Problem details:
Only the lines from the one containing "Modern bathroom with" to the end of the data should be copied, exactly and without pictures.

═══ Data

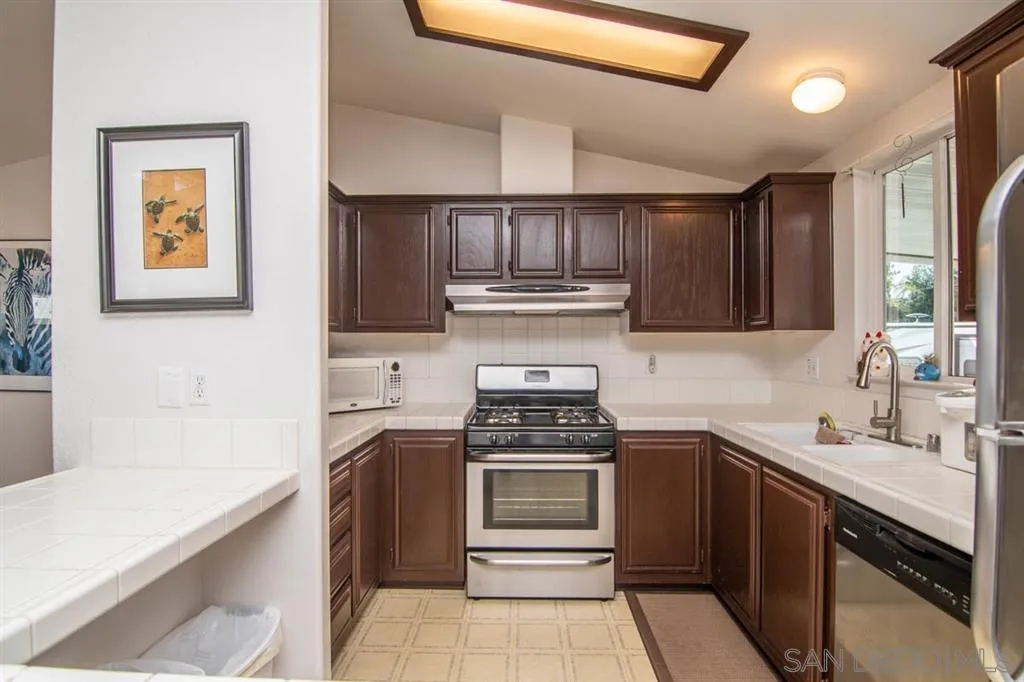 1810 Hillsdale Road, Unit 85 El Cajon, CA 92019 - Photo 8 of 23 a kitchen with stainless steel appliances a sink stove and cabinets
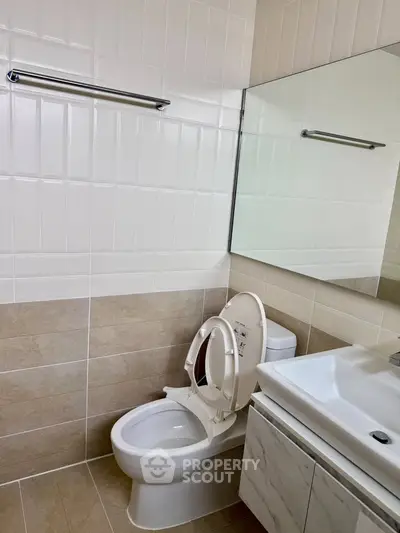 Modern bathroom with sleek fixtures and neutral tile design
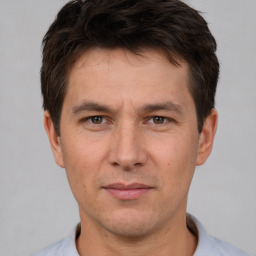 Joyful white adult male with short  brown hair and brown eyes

══════

Exercise solution:
 Modern bathroom with sleek fixtures and neutral tile design
 Joyful white adult male with short  brown hair and brown eyes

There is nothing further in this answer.